Material provided:
---*---

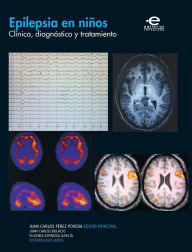 Title: Epilepsia en niños: Clínica, diagnóstico y tratamiento, Author: varios Autores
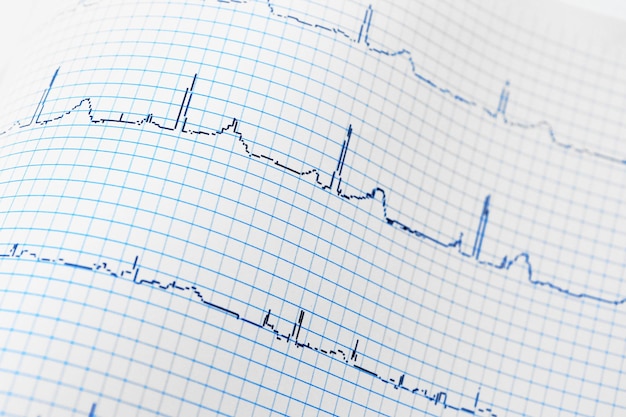 Elektrocardiogram in papieren vorm close-up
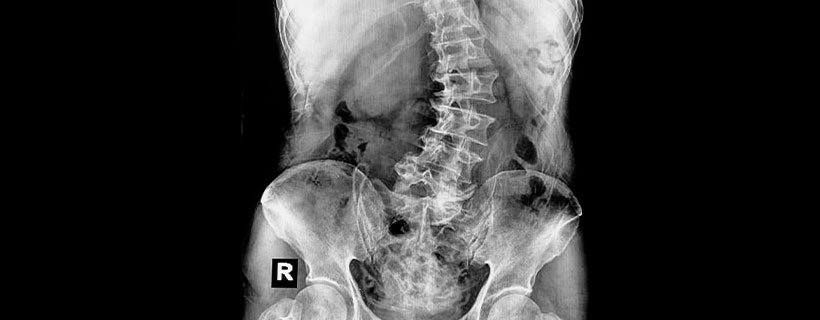 patient needing scoliosis treatment in Tulsa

---*---

Exercise objective:
Transcribe the full listing above exactly, with the images removed.

Response to this exercise:
 Title: Epilepsia en niños: Clínica, diagnóstico y tratamiento, Author: varios Autores
 Elektrocardiogram in papieren vorm close-up
 patient needing scoliosis treatment in Tulsa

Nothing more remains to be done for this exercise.